Kein gesellschaftlicher Zwang, keine Pflicht drängt Sie dazu, Sie können ganz frei entscheiden, ob Sie diese Gelegenheit zur Besinnung wahrnehmen wollen. Natürlich, Sie haben Recht, an diesem einen Tag hängt es nicht, aber er erinnert Sie daran, wie wichtig es ist, zur Besinnung zu kommen. Wege zu betrachten, Entscheidungen und ihre Konsequenzen zu bedenken, und einfach mal die Frage zu stellen: nach welchen Leitsätzen gestalte ich eigentlich mein Leben?

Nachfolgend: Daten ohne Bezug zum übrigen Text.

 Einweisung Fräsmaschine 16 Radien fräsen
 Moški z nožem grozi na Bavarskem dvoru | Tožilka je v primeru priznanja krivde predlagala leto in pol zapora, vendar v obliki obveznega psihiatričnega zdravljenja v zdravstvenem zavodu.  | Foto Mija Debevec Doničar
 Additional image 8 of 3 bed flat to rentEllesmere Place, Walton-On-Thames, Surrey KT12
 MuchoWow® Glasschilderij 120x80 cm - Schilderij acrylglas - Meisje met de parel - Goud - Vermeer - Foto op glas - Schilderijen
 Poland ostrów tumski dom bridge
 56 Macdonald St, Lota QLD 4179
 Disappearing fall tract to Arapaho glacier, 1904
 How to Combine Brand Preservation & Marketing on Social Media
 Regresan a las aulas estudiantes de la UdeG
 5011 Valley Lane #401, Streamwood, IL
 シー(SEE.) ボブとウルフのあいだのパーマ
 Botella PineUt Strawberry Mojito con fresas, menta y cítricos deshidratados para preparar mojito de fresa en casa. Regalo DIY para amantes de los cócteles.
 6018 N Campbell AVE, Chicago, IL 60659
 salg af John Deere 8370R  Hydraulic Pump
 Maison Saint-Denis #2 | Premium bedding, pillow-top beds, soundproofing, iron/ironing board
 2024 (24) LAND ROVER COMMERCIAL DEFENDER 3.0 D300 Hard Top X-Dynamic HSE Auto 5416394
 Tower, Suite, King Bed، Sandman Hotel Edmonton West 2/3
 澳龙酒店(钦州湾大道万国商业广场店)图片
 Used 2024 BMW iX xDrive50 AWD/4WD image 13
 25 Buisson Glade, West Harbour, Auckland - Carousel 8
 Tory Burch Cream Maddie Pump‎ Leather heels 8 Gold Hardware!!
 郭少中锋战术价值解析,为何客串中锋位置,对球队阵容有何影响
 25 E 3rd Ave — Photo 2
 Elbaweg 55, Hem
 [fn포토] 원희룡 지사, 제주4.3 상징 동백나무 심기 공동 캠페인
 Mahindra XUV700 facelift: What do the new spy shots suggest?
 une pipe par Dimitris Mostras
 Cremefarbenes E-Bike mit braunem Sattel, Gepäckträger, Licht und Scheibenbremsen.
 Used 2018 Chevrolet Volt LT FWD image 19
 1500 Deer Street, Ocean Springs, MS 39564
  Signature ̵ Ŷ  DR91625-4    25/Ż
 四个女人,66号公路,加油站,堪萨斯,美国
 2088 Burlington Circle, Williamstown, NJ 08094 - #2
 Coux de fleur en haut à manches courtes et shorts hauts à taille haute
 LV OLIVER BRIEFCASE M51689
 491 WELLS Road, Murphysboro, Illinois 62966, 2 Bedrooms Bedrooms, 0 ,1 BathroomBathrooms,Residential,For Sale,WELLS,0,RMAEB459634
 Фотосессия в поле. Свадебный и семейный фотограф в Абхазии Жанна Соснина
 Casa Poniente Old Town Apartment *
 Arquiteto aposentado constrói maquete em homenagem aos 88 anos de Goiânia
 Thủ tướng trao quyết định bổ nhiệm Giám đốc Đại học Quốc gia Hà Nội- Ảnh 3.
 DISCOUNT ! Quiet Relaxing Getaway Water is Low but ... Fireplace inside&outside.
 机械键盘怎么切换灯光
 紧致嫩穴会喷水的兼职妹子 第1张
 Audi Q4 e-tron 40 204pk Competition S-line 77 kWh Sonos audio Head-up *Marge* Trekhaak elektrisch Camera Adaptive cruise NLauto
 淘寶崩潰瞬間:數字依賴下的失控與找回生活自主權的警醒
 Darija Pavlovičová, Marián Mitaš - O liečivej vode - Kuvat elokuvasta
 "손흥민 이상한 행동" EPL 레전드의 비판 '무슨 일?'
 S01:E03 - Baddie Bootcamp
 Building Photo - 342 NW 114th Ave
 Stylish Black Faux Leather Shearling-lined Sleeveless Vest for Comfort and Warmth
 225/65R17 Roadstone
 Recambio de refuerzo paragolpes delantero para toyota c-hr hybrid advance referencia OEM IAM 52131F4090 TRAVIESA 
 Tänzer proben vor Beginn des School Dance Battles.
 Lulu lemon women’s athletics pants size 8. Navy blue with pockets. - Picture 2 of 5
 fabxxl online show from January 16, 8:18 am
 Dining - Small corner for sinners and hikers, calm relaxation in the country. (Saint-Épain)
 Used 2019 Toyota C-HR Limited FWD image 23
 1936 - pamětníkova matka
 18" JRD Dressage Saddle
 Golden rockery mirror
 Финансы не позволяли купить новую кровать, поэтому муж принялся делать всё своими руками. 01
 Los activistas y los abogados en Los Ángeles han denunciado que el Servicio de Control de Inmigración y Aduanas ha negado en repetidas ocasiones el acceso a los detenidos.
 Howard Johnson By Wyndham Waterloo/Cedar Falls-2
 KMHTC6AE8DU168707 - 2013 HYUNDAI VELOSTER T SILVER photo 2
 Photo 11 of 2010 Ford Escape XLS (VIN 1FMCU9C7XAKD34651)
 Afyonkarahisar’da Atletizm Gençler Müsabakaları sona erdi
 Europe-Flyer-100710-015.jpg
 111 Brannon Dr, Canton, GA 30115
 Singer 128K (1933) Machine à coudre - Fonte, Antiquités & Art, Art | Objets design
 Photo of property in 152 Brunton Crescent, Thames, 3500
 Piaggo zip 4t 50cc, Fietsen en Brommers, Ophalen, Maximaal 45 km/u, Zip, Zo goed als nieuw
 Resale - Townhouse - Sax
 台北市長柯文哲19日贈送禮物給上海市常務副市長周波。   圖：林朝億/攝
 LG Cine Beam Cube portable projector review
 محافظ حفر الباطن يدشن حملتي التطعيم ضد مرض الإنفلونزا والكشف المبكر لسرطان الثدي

Hier setzt ein Wort von Jesus an, das man die Goldene Regel genannt hat: „Alles, was Ihr wollt, dass euch die Leute tun sollen. Das tut ihr ihnen auch. Das ist das Gesetz und die Propheten.“ Bekannter ist allerdings die negative Form, die in Deutschland sprichwörtlich geworden ist: Was du nicht willst, das man dir tu, das füg auch keinem andern zu. Aber Jesus scheint nicht nur das Vermeiden von Verletzungen und Enttäuschungen im Auge zu haben. Was ich selbst für ein geborgenes, gelingendes Leben brauche, sollte ich auch anderen zukommen lassen. Aus Empathie. Nicht aus Berechnung. Wie sagte mal einer so weise: Ob jemand Charakter hat, erkennt man an seinem Respekt gegenüber Menschen, die ihm nicht von Nutzen sind.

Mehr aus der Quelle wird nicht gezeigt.